There are no studies that provide evidence that preoperative chest radiography effectively risk stratifies patients with lung disease. Routine use of pulmonary function tests and arterial blood gas have no role in preoperative pulmonary risk stratification. Pulmonary risk indices have been published, and the factors that most strongly correlate with increased risk of postoperative respiratory failure and postoperative pneumonia are surgery-specific factors and patient comorbidities that are not easily modifiable before hip fracture surgery.

The challenge for the medical consultant is to identify modifiable risk factors for postoperative pulmonary complications and optimize these risks before, during, and after surgery. Before surgery, obstructive lung disease should be optimized with bronchodilators, steroids, and antibiotics, as needed. Perioperative blood products are best used sparingly. In one study, allogenic blood transfusion resulted in an almost threefold increased risk of postoperative pneumonia. A higher number of red blood cell concentrate units transfused was correlated with an increase in pneumonia risk. The same study demonstrated that a longer preoperative hospital stay increased the risk of postoperative pneumonia.

Intraoperatively, epidural anesthesia may be associated with lower rates of postoperative pneumonia when compared with general anesthesia. Similarly, short-acting neuromuscular blockers result in lower rates of postoperative pneumonia (atracurium is therefore preferred over pancuronium).

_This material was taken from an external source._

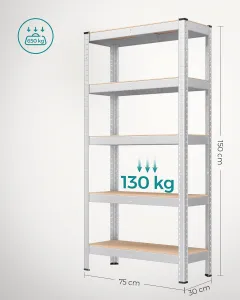 SONGMICS Odolný regál strieborný 5 políc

Postoperatively, patients are three times more likely to develop a PPC for each postoperative day they do not mobilize away from the bed after surgery. Measures to prevent postoperative aspiration pneumonia in hip fracture patients include getting patients up and out of bed for meals and avoiding unnecessary use of stress ulcer prophylaxis. Decreased intragastric acidity creates a favorable environment for colonization of the stomach by pathogens and increases the risk of pneumonia with an aspiration event.